浜の真砂は尽きるとも世に何とやらの種はつきまじと言うが

はて、浜の真砂は尽きるとも世に何とやらの種はつきまじと言うが、これはどういう事でござるかな?テッフネールは疑問に思い、宿を借りた百姓家で尋ねてみた。「この辺りは、街道に無頼な者も見かけず、随分と穏やかでござるな。」「いんや、つい先頃までは、野盗の類いがうようよしとっただ。」「ほう、そうでござるか。しかし、今はいないみたいでござるが何かあったのでござるか?」「それが、タゴロロームの軍司令官がハンベエとかいう人にInternational School代わってから、朝に夕にタゴロローム守備軍の兵隊さんが隊列を組んで、街道を行軍してるだ。うろんな奴がいたら、取っ捕まえて連れて行っちまうだ。それに、前はタゴロロームの兵隊さん自体が畑を荒らしたり、鶏を持ってたりとロクなもんじゃなかったけんど、今は何か持ってくにしてもちゃんと金を払ってくれるようになっただ。まだ若い軍司令官さんらしいが、わしらは大助かりだで。」「ほう、そうでござるか。」話を聞いたテッフネールは苦い顔になった。(若造め、人気取りは上手いようでござるな。上官を弑するような悪逆人のくせに。)「すると、そのハンベエという御仁、評判が良いのでござるな。」「それが・・・。わしらは助かってるだが、色んな話を聞くだ。
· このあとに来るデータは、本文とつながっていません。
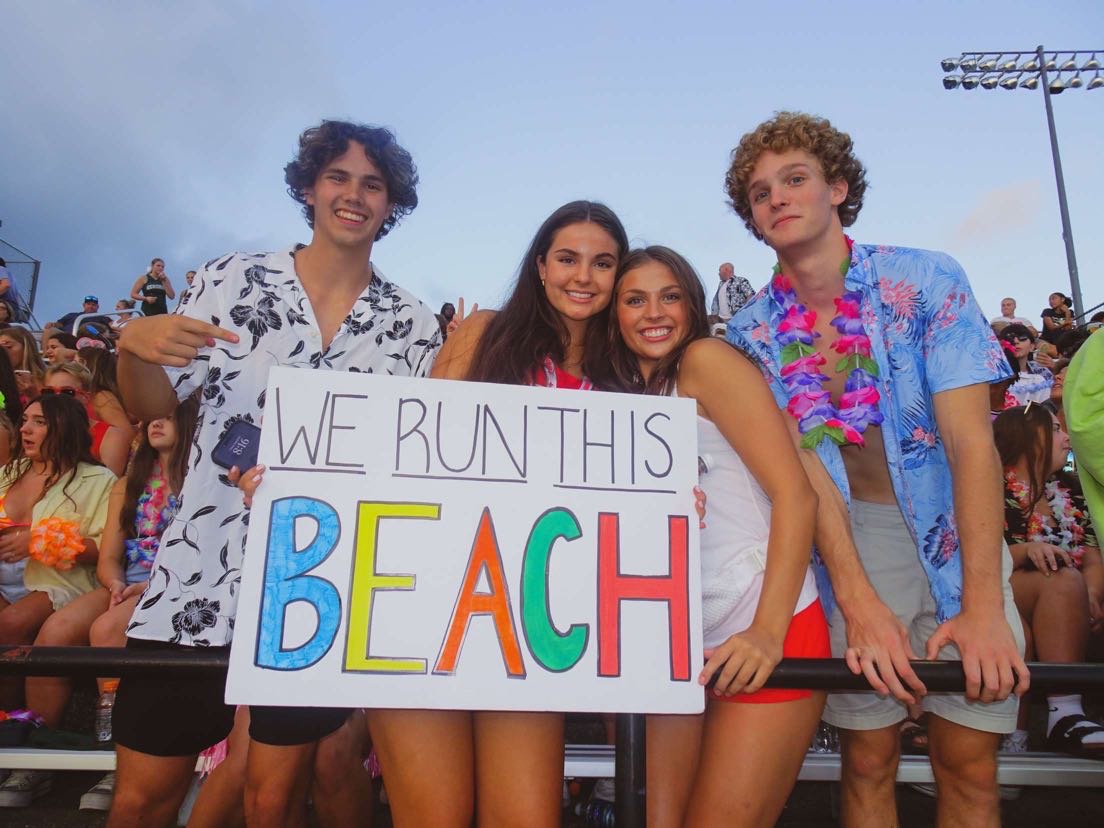 From left to right: Charlie Afman, Sloane Corey, Gigi Sinicrope, and Jonas VanderWoude. The four student section leaders at the Hawaiian-out game.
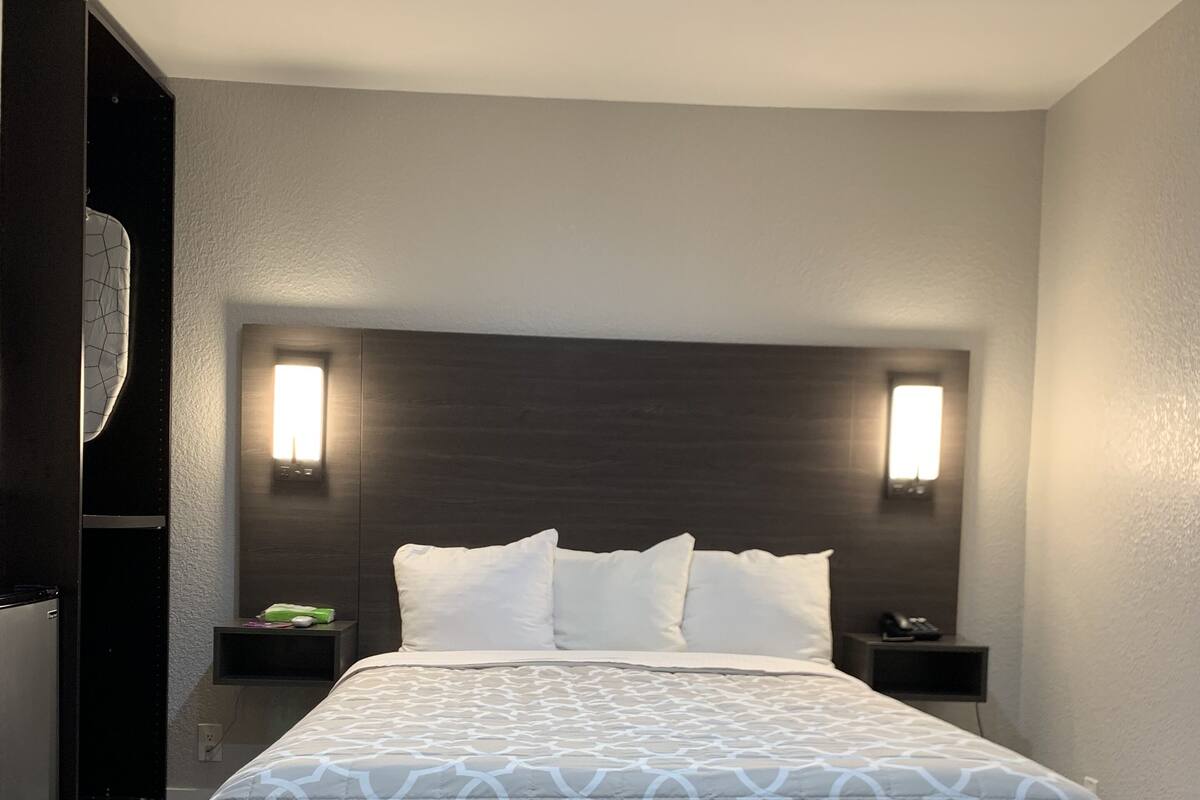 A modern hotel room with a large bed, two bedside tables, a dark headboard, and a light-colored wall.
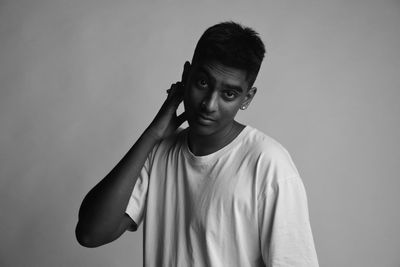 Portrait of young man standing against backdrop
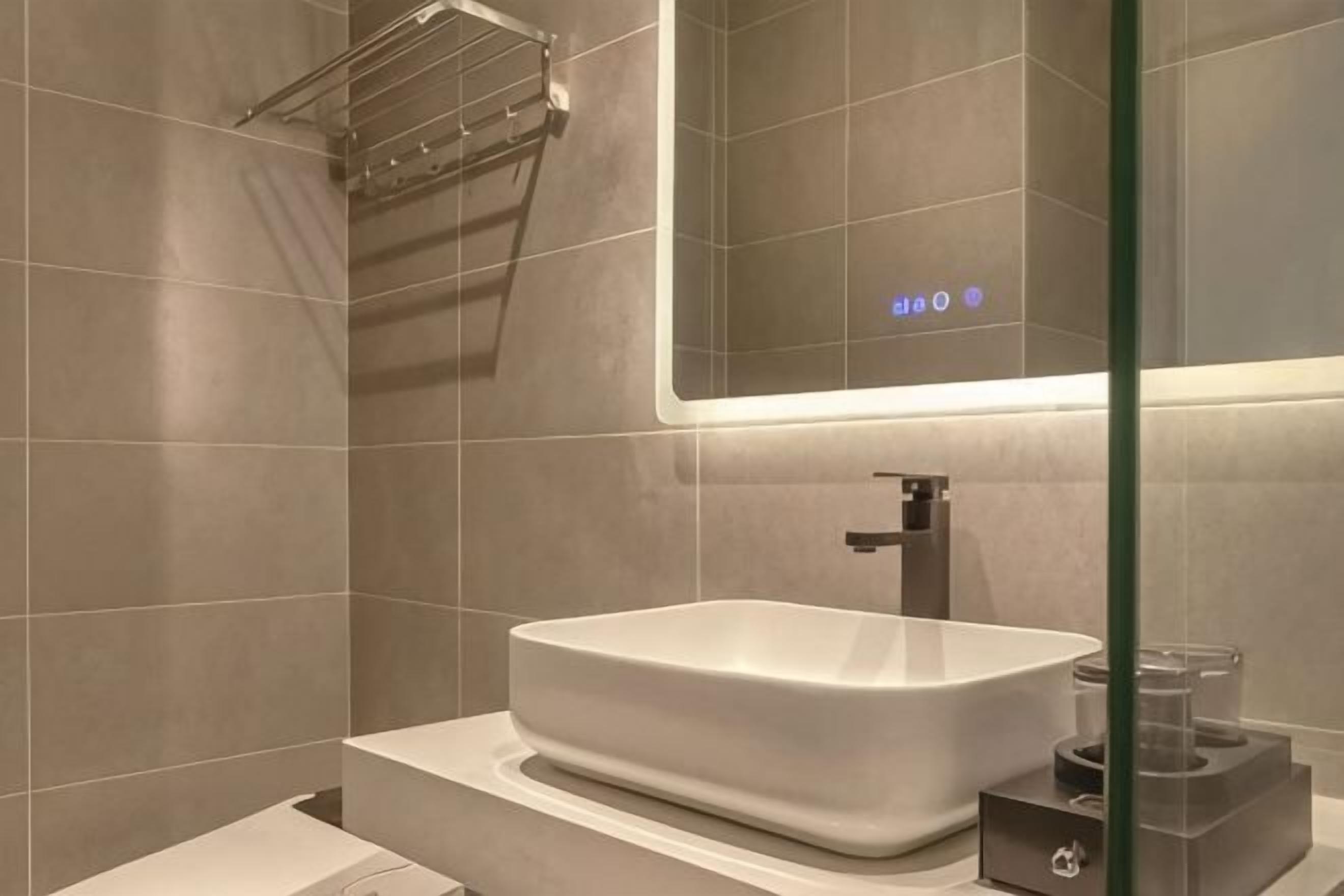 A modern bathroom with a large rectangular sink, a mirror, and a towel rack.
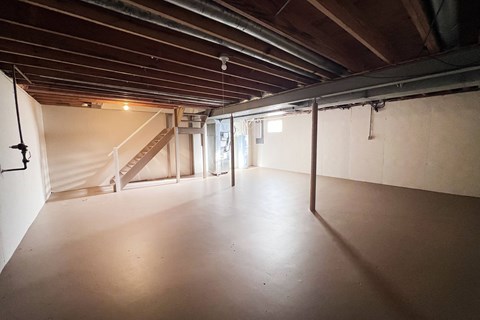 A spacious attic room with wooden beams and a staircase.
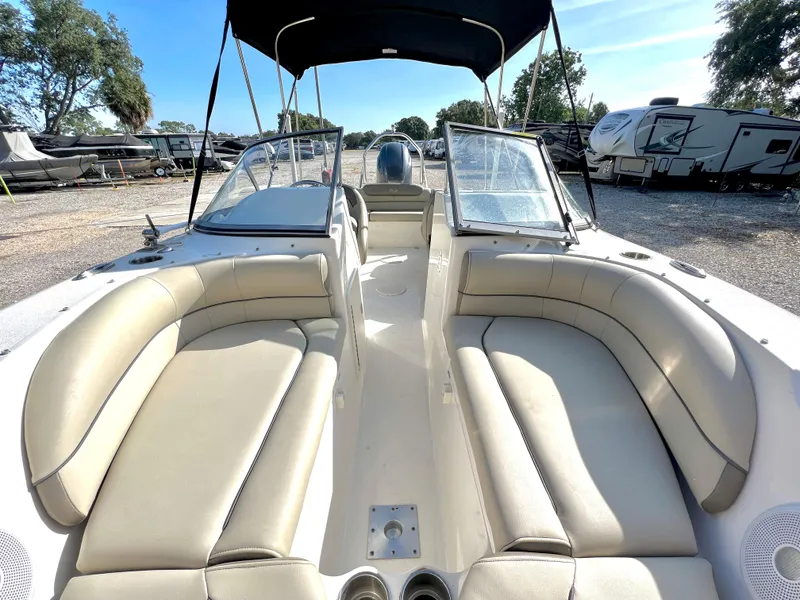 Slide: The Image of Interior view of a 2021 Key West 203 DFS boat with beige seating. - 27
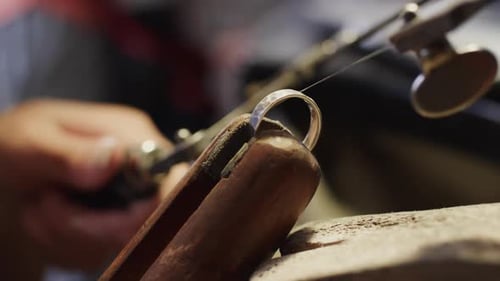 Biracial female worker shaping jewellery with saw in studio in slow motion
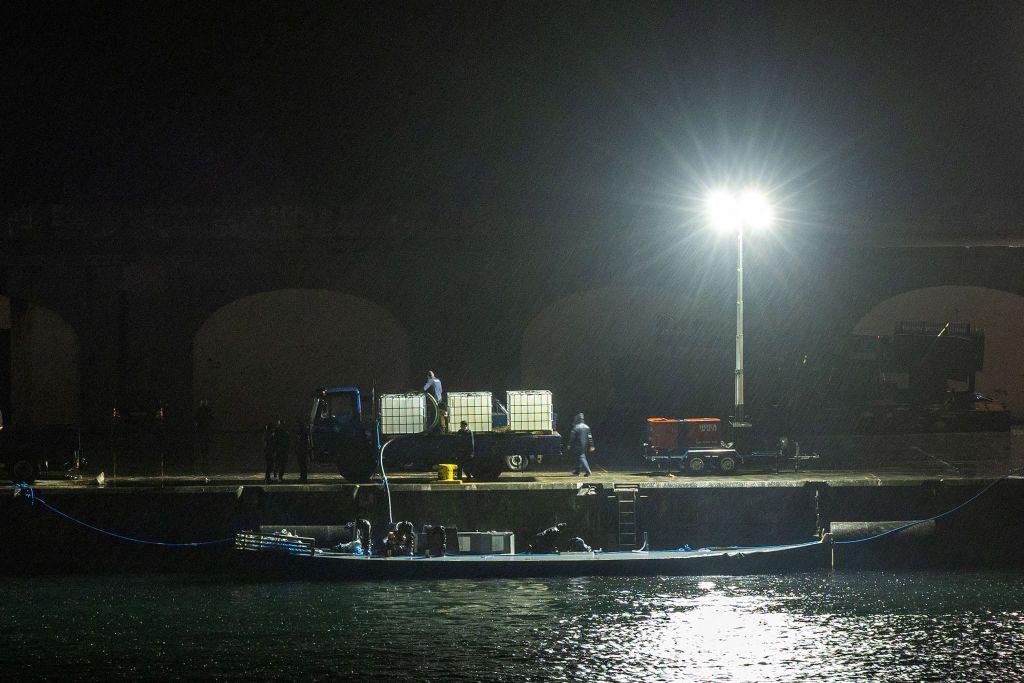Una imagen de noche de un sumergible en el agua mientras varias personas están descargándolo en un puerto de concreto.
とんでもない乱暴者で、気に入らない者は見境なく殺してしまうって評判だで。何でも、身の丈(たけ)一丈を越す大男で、口は裂けて牙が並び、目は血のように赤く、牛を一頭生きながらにして喰らい、それが一日の食事らしいだ。」うっ、とテッフネールは百姓の話に吹き出すところだった。それじゃ化け物だ。「そんな化け物みたいな御仁なのでござるか?」笑いを堪えてテッフネールは百姓の話に相槌を打った。「いや何、わしも見たわけではないだが、何しろ以前タゴロロームで暴れた時には二百人も人を殺したって話だ。やっぱり化け物なんではないだかなあ。」「何と化け物がタゴロロームの軍司令官でござるか、それでは安心して暮らせないないでござるな。」「それが、今タゴロロームには王女エレナ様がおいでになり、そのハンベエという人はエレナ様に全く頭が上がらないらしいだ。」「エレナ姫様が・・・しかし、話のような化け物なら姫様など一呑みに喰らってしまいそうだが。」「姫様を喰らってしまう。・・・そりゃとんでもない話だで。あんなお美しい姫様を。」「姫様の姿を見た事がござるのか?」「時々臣下の者を率いて、馬を走らせているのを見かけるだ。金の甲冑を身に纏われて、それはもう、この世の人とは思われぬ美しさだで。」「しかし、そのように美しい姫様に化け物のようなハンベエが頭が上がらぬというのは不思議な気もするでござるが。」「不思議と言えばそうとも言えるだが、きっとあれだで、自分の身が化け物だからこそ、美しい姫様に弱いんだで。」「それほど美しいのでござるか、姫様は?」「それはもう、あれほど美しい人なら、側に仕えるだけで幸せってものに違いないだ。」「ほう。」「そう言えば、あんた見たことのない剣を持っているようだが、少しは使うだか?」「ふむ、少しは使うでござる。」「強いだか?」「みどもは強いでござるよ。」「嘘だあ。」「ははは。」 百姓とテッフネールは声を合わせて笑った。テッフネールの正体を知ったら、百姓は笑わなかったに違いないが、見てくれはちょっとくたびれた初老の剣士にしか見えないテッフネールなのであった。一夜明け、朝焼けの雲を左肩越しに打ち見ながら、ゆるゆると歩き始めたテッフネールに百姓は軽い弁当を持たせてくれて忠告した。「昨日の軍司令官の話はただの噂だから、真に受けたらいかんだで。それと、言わずもがなな事で言うのも失礼と思うだが、もう若くはないんだから、無茶はしたらいかんで。」「分かってござる。・・・しかし、みどもは無茶な事をしそうに見えるでござるか?」「うんにゃ、分からん。分からんが気になっただ。」「世話になってござる。」テッフネールは一礼して百姓家を辞した。昨日、化け物と言う以外にハンベエについて妙な事を聞いた。今度の新しい軍司令官は、風呂という物がむやみやたらと好きらしい、と言うのだ。タゴロローム守備軍陣地内にも幾つか設備を整え、兵士に入浴を奨励しているらしい。